[Work to complete] What you return should be only the lines in the entries below between the one holding "8th Maritime Colloquium" and the one holding "Read Tenjou Tenge (es) Manga Online", ends included, with every picture left out.

[Data extract]

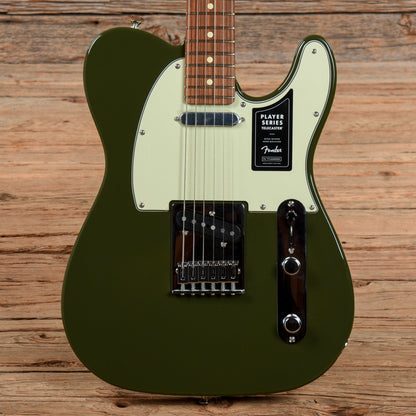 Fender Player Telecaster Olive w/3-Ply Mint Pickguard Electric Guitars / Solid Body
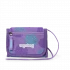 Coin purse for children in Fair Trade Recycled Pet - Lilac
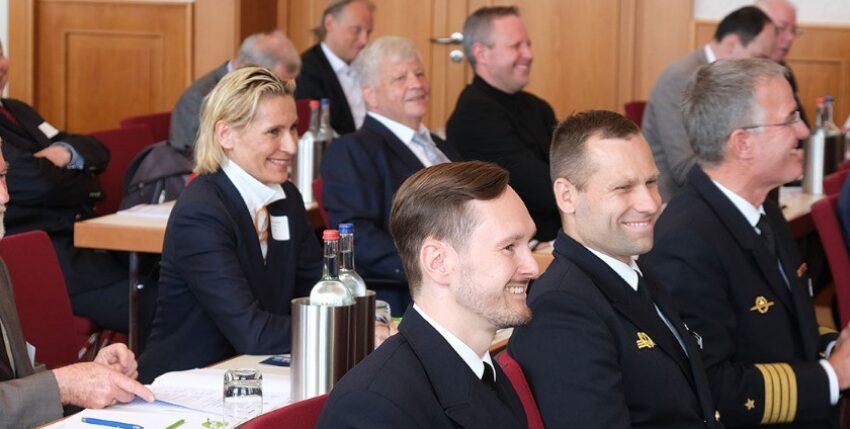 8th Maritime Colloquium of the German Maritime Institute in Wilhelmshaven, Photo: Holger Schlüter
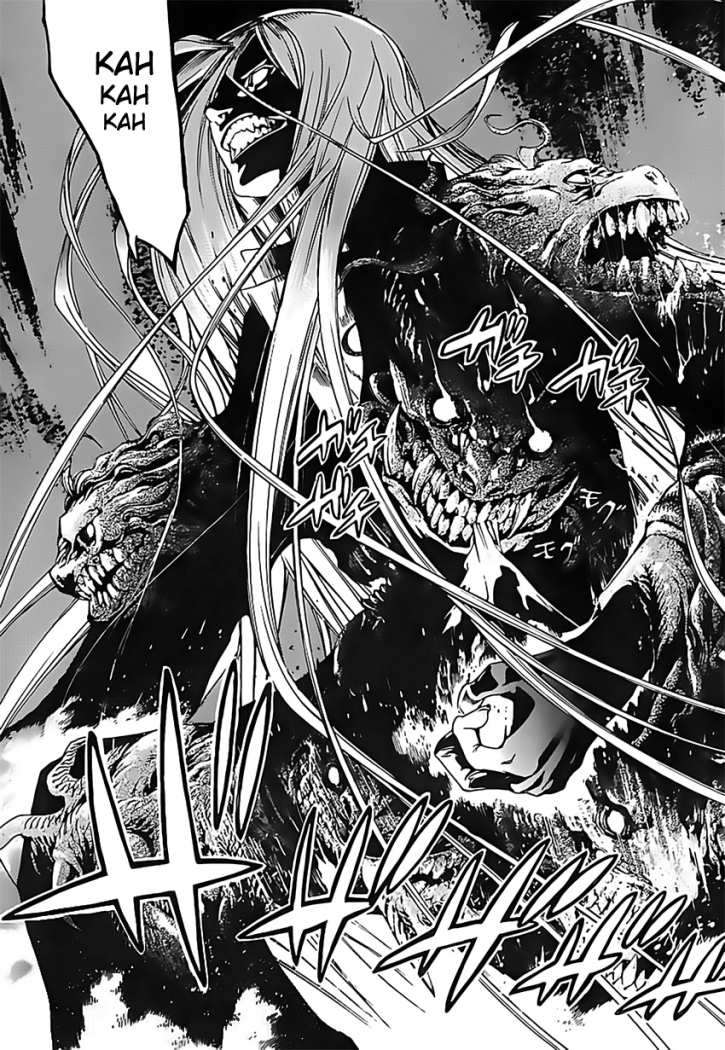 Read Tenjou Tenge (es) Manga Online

--

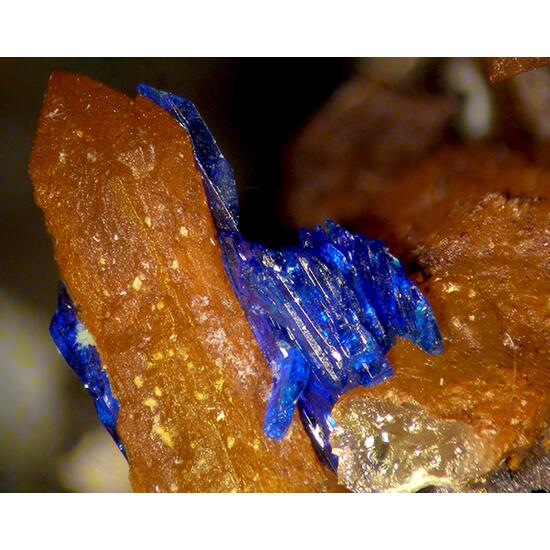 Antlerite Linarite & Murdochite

[Task result]
 8th Maritime Colloquium of the German Maritime Institute in Wilhelmshaven, Photo: Holger Schlüter
 Read Tenjou Tenge (es) Manga Online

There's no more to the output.